++++ Dataset extract

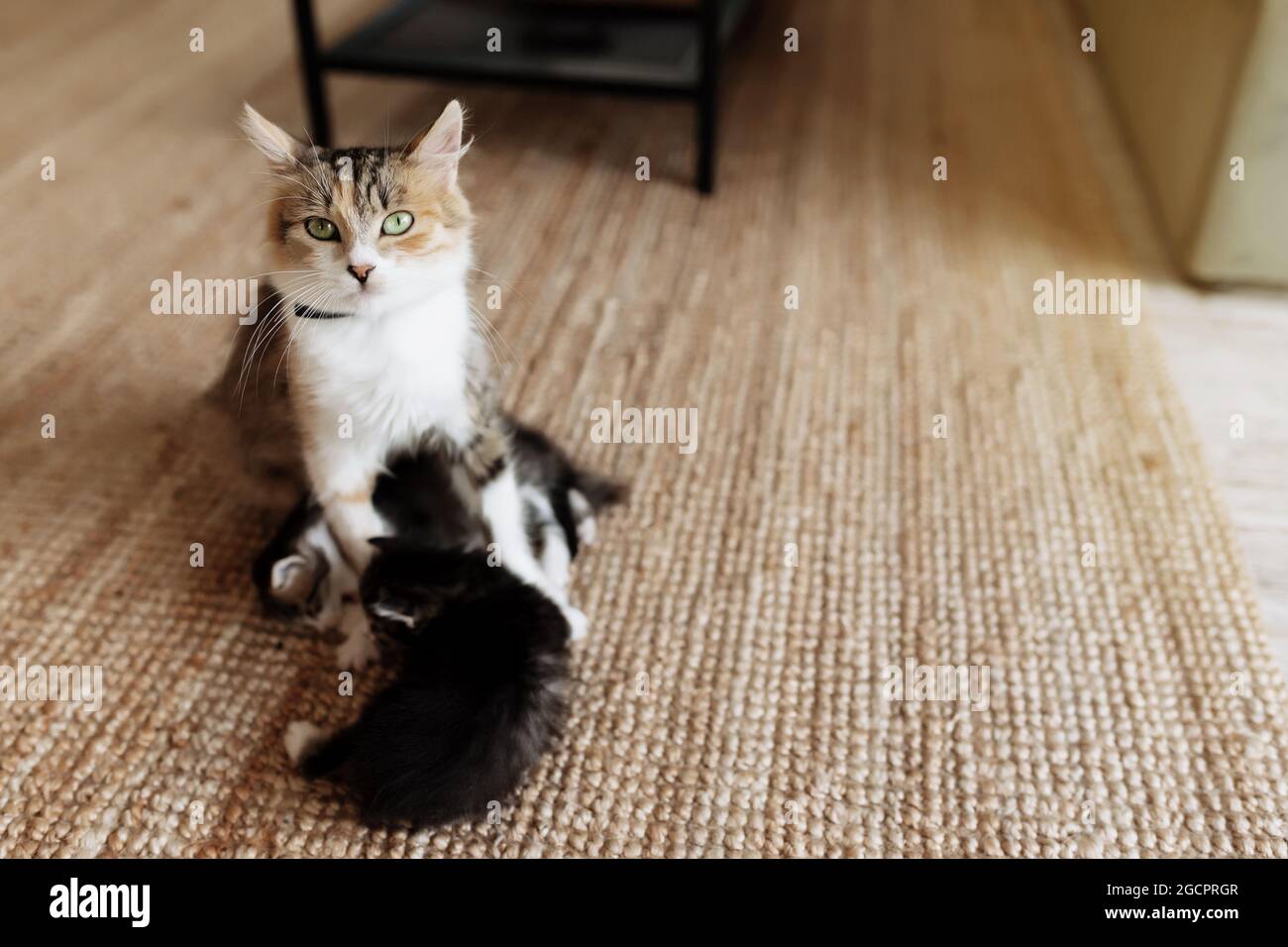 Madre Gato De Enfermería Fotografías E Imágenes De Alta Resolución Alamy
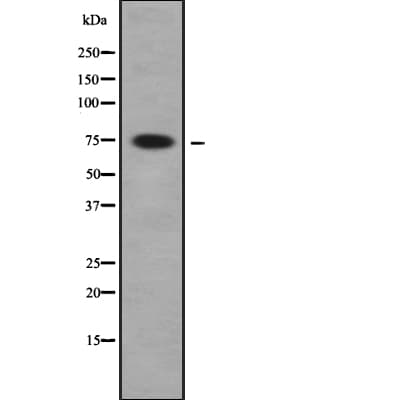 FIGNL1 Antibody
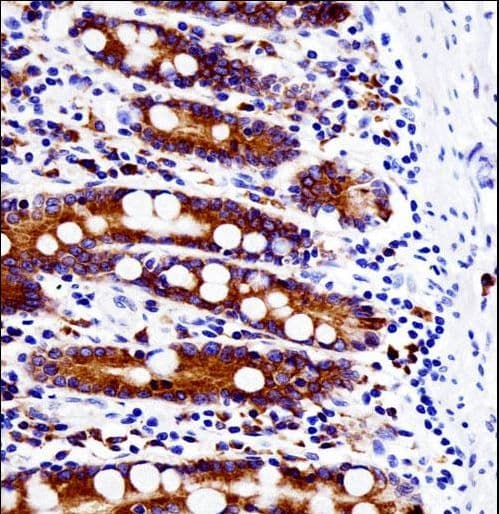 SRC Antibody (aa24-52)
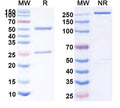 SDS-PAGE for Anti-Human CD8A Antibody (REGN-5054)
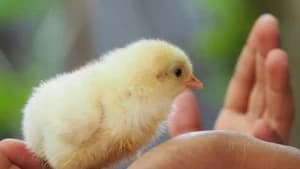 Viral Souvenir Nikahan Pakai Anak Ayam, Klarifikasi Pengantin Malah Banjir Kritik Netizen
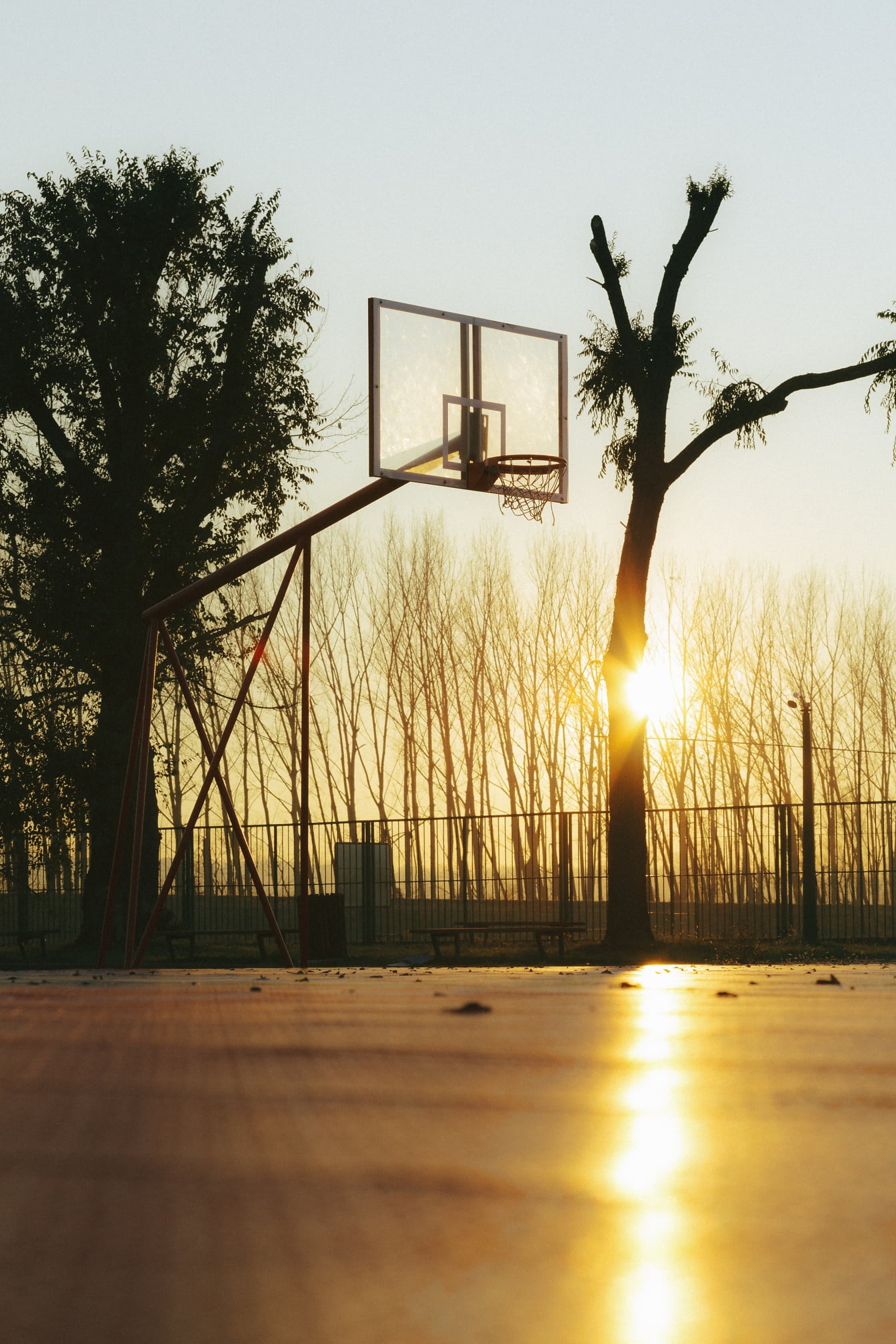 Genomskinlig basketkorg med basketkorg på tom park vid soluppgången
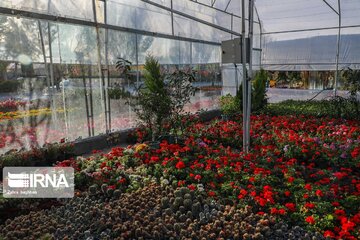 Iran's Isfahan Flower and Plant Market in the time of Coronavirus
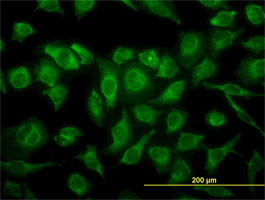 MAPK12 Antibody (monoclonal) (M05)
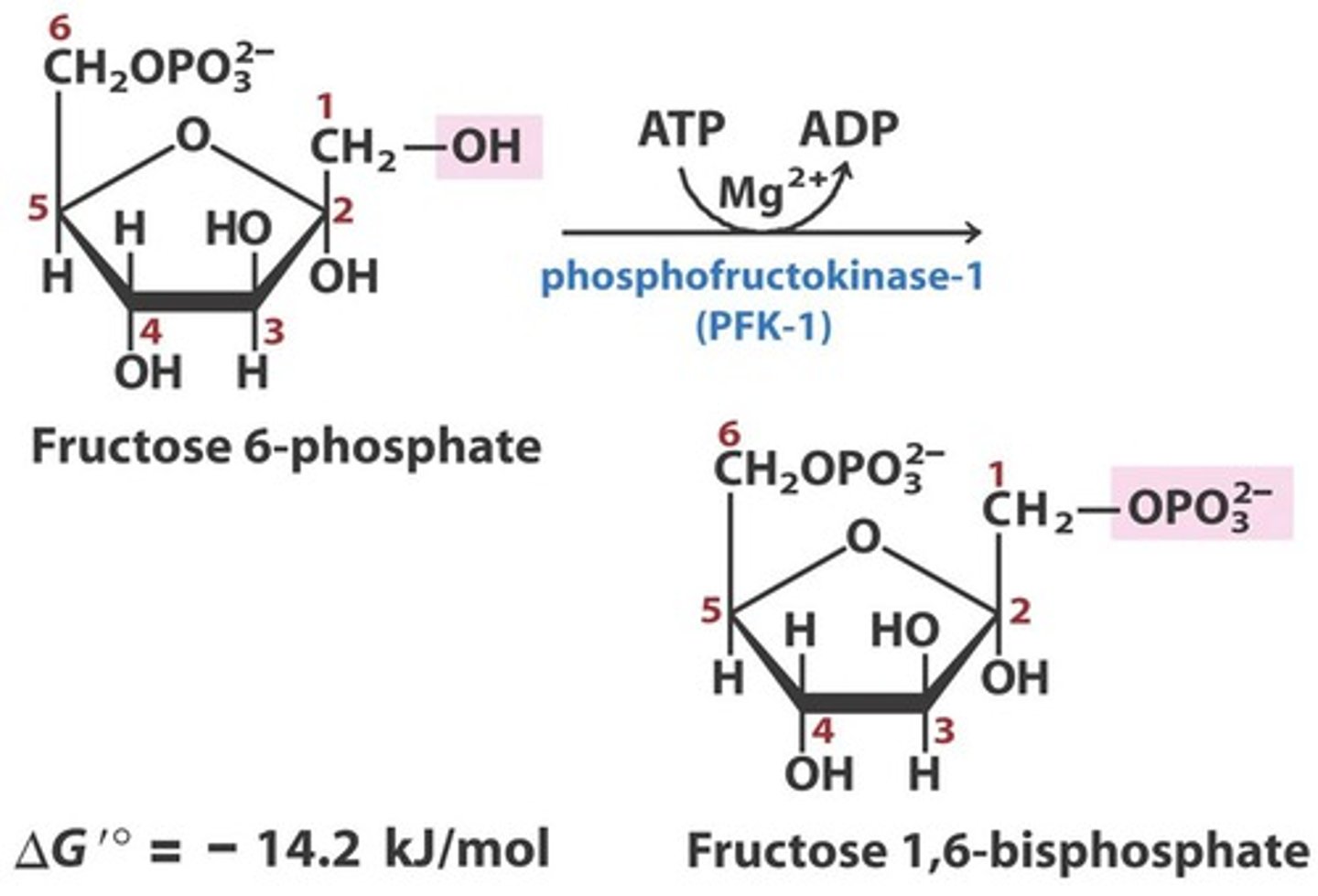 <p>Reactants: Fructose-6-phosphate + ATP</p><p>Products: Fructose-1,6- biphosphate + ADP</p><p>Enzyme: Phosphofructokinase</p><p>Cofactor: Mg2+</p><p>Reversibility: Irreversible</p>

++++++++
++++ Dataset extract

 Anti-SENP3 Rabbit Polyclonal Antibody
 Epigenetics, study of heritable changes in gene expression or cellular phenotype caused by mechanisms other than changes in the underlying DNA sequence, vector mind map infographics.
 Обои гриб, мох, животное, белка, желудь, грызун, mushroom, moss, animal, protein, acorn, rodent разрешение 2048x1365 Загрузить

++++++++

*Problem to solve:* A word-for-word copy of the lines above from the one with "Anti-SENP3 Rabbit Polyclonal Antibody" through the one with "Epigenetics, study of", inclusive, is the only output wanted.

*Answer space:*
 Anti-SENP3 Rabbit Polyclonal Antibody
 Epigenetics, study of heritable changes in gene expression or cellular phenotype caused by mechanisms other than changes in the underlying DNA sequence, vector mind map infographics.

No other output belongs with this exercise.